Le coup d’Etat de Boumédiène en 1965 le met peu à peu sur la touche : sa défense et illustration de la langue française dans un pays qui s’arabise, ses mœurs libres (sorte de Verlaine barbu à la plage chantant ses amours avec des Arabes et Berbères fort peu farouches !) comme ses déclarations politiques trop libres l’exposent de plus en plus à la critique et à la haine des militaires nationalistes, partisans de l’arabisation homogène et d’une mythologie identitaire intégrant l’islam le plus puritain. Malgré les humiliations, Sénac, qui a été chassé de sa villa de plage pour un sous-sol (sa «cave-vigie»), a décidé de ne pas quitter cette mère Algérie dont il n’a jamais pensé à demander la nationalité : se considérant comme «Algérien» de droit, il œuvre en paroles et en actes pour un meilleur avenir. La poésie doit être présence et force pratique et corps-poème ou «Corpoème» pour transformer le monde, et le poète témoin et acteur de cette histoire en assume, et accepte lucidement, sans amertume, les risques ! Tout au plus finit-il par se mettre à l’arabe, conscient d’une lacune de son éducation et d’une nécessité civique, et à remplacer Jean par Yahia, lui à qui on disait qu’il fallait s’appeler Mohamed ou Kateb pour compter dans la nouvelle Algérie! Sans masochisme, il imagine cependant son destin, un thème récurrent de son discours : le martyre pour la liberté, maquillé en affaire de moeurs. Il est assassiné dans des circonstances mystérieuses en 1973. Il est inhumé dans un cimetière chrétien, lui qui voulait reposer en terre musulmane. Sa pierre tombale sera brisée…
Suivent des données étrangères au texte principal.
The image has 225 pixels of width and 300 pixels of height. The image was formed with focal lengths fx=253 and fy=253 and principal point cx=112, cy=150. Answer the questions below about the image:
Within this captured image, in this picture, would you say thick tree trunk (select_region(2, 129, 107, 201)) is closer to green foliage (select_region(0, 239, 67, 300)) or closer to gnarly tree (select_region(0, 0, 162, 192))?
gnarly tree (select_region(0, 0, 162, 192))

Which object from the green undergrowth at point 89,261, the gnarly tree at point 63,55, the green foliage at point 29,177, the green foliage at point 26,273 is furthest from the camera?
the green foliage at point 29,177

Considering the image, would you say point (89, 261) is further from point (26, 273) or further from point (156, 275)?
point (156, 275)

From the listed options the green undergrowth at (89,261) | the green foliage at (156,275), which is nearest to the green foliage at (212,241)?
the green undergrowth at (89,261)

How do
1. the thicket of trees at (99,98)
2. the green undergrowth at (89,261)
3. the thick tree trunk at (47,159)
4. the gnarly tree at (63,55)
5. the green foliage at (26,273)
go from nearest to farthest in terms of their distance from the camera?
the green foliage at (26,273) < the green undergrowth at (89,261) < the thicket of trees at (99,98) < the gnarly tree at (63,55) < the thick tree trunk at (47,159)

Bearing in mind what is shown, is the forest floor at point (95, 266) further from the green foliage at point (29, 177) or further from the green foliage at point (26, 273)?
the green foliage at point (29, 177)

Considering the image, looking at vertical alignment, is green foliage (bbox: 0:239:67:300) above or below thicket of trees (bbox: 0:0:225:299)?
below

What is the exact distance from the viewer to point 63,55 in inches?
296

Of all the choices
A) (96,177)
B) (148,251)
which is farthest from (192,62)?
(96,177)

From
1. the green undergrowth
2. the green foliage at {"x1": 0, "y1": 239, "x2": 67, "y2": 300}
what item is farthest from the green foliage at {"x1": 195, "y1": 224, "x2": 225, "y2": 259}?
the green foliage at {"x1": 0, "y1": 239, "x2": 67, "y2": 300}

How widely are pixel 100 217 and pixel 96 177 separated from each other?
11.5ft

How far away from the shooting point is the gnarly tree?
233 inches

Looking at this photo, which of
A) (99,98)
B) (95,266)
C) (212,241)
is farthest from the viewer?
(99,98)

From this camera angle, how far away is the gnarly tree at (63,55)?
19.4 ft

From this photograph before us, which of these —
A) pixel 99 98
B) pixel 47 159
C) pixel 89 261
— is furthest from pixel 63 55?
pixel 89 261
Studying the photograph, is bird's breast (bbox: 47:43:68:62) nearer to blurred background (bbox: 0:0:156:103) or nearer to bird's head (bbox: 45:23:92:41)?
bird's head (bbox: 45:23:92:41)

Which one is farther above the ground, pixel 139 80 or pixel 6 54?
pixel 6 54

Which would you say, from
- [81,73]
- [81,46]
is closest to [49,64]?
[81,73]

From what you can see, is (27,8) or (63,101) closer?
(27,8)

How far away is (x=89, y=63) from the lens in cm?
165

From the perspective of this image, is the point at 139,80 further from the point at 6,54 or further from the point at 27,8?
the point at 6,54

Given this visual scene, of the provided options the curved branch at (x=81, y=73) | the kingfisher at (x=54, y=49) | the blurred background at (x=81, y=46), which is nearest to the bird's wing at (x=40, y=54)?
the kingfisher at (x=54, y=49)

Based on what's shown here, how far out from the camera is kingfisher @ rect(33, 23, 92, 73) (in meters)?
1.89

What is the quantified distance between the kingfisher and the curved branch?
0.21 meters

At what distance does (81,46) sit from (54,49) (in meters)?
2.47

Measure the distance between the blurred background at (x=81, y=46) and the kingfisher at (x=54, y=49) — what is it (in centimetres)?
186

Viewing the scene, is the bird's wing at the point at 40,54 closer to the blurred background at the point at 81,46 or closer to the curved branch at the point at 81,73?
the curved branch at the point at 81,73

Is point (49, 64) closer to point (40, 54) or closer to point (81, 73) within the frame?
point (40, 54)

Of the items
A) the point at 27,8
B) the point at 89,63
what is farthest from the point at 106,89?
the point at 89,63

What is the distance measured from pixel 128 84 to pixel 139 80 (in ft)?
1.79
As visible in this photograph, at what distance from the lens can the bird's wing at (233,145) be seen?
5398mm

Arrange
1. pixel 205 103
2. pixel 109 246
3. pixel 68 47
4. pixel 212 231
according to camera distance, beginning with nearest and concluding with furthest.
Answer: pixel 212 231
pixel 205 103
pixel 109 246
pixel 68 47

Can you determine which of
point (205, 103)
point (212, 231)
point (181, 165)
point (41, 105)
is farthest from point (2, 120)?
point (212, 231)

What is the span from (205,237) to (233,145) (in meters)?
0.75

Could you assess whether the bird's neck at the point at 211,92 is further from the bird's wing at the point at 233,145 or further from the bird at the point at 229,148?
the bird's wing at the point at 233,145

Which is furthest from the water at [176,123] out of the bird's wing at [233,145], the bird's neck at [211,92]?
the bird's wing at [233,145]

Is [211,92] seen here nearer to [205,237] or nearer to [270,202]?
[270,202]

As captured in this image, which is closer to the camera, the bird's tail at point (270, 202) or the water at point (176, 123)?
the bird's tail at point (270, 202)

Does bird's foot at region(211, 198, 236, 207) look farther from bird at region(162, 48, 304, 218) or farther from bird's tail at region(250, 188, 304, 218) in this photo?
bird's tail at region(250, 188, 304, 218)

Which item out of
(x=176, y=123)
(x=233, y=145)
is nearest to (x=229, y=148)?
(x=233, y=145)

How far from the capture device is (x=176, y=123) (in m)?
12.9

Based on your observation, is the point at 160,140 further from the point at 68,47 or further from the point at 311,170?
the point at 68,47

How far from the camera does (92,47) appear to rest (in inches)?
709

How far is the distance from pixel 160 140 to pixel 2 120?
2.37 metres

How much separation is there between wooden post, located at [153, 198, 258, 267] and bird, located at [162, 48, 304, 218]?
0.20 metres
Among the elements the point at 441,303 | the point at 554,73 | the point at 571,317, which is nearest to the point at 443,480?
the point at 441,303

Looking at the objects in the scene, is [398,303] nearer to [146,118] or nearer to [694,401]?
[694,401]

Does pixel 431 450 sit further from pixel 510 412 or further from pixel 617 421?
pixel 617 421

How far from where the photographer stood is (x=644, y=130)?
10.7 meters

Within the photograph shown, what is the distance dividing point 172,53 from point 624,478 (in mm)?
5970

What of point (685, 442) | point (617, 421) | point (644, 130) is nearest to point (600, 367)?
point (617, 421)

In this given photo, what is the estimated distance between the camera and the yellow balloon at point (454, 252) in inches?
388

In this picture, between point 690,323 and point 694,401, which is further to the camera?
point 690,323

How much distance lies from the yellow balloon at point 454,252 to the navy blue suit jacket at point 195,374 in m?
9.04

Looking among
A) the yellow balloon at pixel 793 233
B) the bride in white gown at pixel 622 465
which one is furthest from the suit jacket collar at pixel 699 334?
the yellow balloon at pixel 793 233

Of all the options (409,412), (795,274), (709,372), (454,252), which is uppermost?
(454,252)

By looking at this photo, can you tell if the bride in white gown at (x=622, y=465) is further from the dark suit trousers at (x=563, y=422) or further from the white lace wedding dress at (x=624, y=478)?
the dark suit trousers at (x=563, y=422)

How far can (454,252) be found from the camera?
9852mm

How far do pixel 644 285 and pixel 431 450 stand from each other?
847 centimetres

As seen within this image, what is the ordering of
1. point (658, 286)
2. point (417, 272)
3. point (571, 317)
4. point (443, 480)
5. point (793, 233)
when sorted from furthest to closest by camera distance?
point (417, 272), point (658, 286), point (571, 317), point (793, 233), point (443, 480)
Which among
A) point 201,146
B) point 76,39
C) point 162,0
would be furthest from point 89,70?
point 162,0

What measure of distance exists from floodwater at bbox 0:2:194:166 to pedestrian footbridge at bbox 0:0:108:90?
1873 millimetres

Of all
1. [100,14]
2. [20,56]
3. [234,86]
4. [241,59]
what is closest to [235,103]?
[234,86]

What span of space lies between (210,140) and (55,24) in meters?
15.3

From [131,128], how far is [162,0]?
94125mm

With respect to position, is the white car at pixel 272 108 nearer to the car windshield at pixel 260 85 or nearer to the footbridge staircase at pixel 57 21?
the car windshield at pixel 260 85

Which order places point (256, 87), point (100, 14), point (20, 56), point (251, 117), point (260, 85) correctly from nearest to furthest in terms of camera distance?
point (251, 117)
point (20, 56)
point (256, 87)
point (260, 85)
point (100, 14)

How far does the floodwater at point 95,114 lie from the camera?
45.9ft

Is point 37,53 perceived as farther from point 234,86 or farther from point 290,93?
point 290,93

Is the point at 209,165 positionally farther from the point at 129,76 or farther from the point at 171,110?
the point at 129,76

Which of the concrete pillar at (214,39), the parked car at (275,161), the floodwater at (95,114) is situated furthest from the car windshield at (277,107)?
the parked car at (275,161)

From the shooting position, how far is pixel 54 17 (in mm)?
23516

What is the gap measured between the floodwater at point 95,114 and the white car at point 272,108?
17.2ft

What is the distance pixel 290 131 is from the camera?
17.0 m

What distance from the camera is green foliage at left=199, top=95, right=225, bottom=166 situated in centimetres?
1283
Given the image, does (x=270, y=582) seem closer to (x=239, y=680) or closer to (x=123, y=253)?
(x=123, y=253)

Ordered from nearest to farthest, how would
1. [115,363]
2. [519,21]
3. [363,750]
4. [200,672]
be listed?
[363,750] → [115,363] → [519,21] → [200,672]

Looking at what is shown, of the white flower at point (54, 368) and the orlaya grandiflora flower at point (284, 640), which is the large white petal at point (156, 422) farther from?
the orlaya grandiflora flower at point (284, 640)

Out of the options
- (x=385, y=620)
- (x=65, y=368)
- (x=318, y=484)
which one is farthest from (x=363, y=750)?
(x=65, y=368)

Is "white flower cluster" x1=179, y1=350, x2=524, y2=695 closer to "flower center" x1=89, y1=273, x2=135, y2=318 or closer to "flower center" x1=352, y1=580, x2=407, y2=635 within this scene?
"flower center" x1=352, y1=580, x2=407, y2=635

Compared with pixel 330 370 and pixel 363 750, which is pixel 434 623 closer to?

La biographie de Mazo n’est pas le seul moyen de découvrir Sénac : Algériens, frères de sang, Jean Sénac, lieux de mémoire de Yves Jeanmougin (Métamorphoses, 2006) avec des textes de Leïla Sebbar, illustre avantageusement de photographies noir et blanc la biographie. De fidèles amis (notamment Hamid Nacer-Khodja, poète lui-même et essayiste, qui préface la biographie de Mazo) rendent hommage au poète depuis longtemps et maintiennent comme ils peuvent sa mémoire. Comme le dit Mazo, les hommages à Camus et Char n’ont guère permis à leur protégé et jeune ami Sénac de percer, même de façon posthume, mais des études sont encore disponibles ici ou là. Par exemple, le recueil Le Soleil fraternel : Jean Sénac et la nouvelle poésie algérienne d’expression française, Rencontres méditerranéennes, Marseille 1985 ; ou d’Emile Temime et Nicole Tucelli, Jean Sénac l’Algérien, le poète des deux rives, chez Autrement, 2003). Signalons aussi le livre de Max Leroy paru en juin 2013 : Citoyen du volcan : Epitaphe pour Jean Sénac. Mais c’est d’abord au banquet avec Sénac que nous sommes conviés, par ses livres. On en trouve certains chez Gallimard (Ebauche du Père, «roman» : déjà une autofiction, dit Mazo) et chez Actes Sud. Une édition de Pour une terre possible vient de paraître chez Points (encore avec une préface de Nacer-Khodja).